With no chance of pushing the wooden cutter through the thick ice to Point Barrow, Captain Tuttle put the party ashore at Cape Vancouver, Alaska. He tasked the men with driving to the whaling ships a herd of reindeer, newly introduced to Alaska. Using sleds pulled by dogs and the reindeer, the expedition set out on snowshoes on Thursday, December 16, 1897. So began a rescue effort unique in the annals of American history. It would require the relief party to cover 1,500 miles in the heart of the Alaskan winter over terrain alien to life-long mariners – snow, ice and tundra.
On Tuesday, March 29, 1898, after 99 days of endless struggle against the elements, the relief party completed the journey. The expedition delivered 382 reindeer to the starving whalers with no loss of human life. In his expedition journal, Lt. Jarvis later recounted the final days of the Overland Expedition: “Though the mercury was -30 degrees, I was wet through with perspiration from the violence of the work. Our sleds were racked and broken, our dogs played out, and we ourselves scarcely able to move, when we finally reached the cape [at Pt.
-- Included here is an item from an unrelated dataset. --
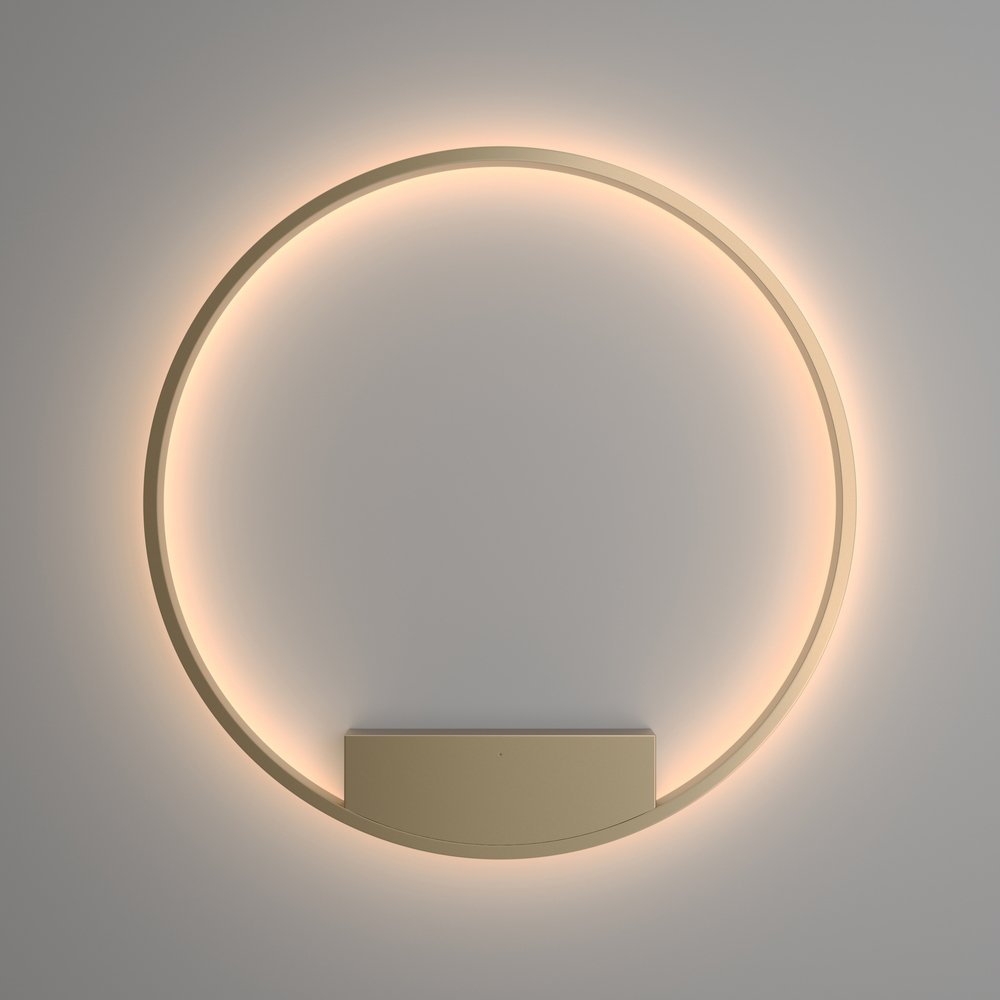 Applique Da Parete Moderno Rim Alluminio Ottone 1 Luce Led 51W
Barrow]...” When Jarvis and Dr. Call finally arrived at Barrow, Jarvis recounted that:
...when we greeted some of the officers of the wrecked vessels, whom we knew, they were stunned; it was some time before they could realize that we were flesh and blood. Some looked off to the south to see if there was not a ship in sight, and others wanted to know if we had come up in a balloon. Had we not been so well known, I think they would have doubted that we really did come in from the outside world.
For their death-defying feat, President McKinley recommended Jarvis, Bertholf, and Call for a specially struck Congressional Gold Medal. In early 1899, in the aftermath of the expedition and the concurrent Spanish-American War, McKinley wrote in his recommendation letter to Congress: The year just closed has been fruitful of noble achievements in the field of war, and while I have commended to your consideration the names of heroes who have shed luster upon the American name in valorous contests and battles by land and sea, it is no less my pleasure to invite your attention to a victory of peace.
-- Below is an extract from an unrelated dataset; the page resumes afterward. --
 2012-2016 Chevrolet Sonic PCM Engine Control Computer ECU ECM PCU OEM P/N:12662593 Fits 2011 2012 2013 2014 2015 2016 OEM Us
After returning home from the expedition, Jarvis assumed command of Bear, as would Ellsworth Bertholf, who in 1915 rose through the ranks to become the first commandant of the modern Coast Guard. Another Bear officer, who volunteered for the cruise to save the whalers, Harry Hamlet, would also advance to the top post in the Coast Guard. Later, while still an officer, Jarvis became a special government agent at Nome, Alaska, and served there when a smallpox epidemic struck the community. In 1902, President Theodore Roosevelt assigned Jarvis as customs collector for the District of Alaska. In 1905, Jarvis was promoted to captain and, that same year, he retired from the Service after a nearly 25-year career. After Jarvis retired, President Theodore Roosevelt offered Jarvis the governorship of Alaska Territory, which he declined.
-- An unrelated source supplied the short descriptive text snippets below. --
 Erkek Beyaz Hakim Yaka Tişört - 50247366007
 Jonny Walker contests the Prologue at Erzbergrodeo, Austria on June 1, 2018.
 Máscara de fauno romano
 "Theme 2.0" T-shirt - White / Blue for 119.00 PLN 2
Captain David Jarvis died in 1911, six years after leaving the Revenue Cutter Service. He had become an important figure not only in the history of the Service, but also in the settlement of Alaska. A high-endurance Coast Guard cutter has borne his name, as does Mount Jarvis in Alaska’s Wrangell Mountains. Today, the Coast Guard awards the Captain David H. Jarvis Leadership Award every year to a Coast Guard officer who demonstrates outstanding leadership skills and inspires other men and women to strive for excellence. Jarvis’s memory lives on in the history and heritage of the U.S. Coast Guard and the State of Alaska.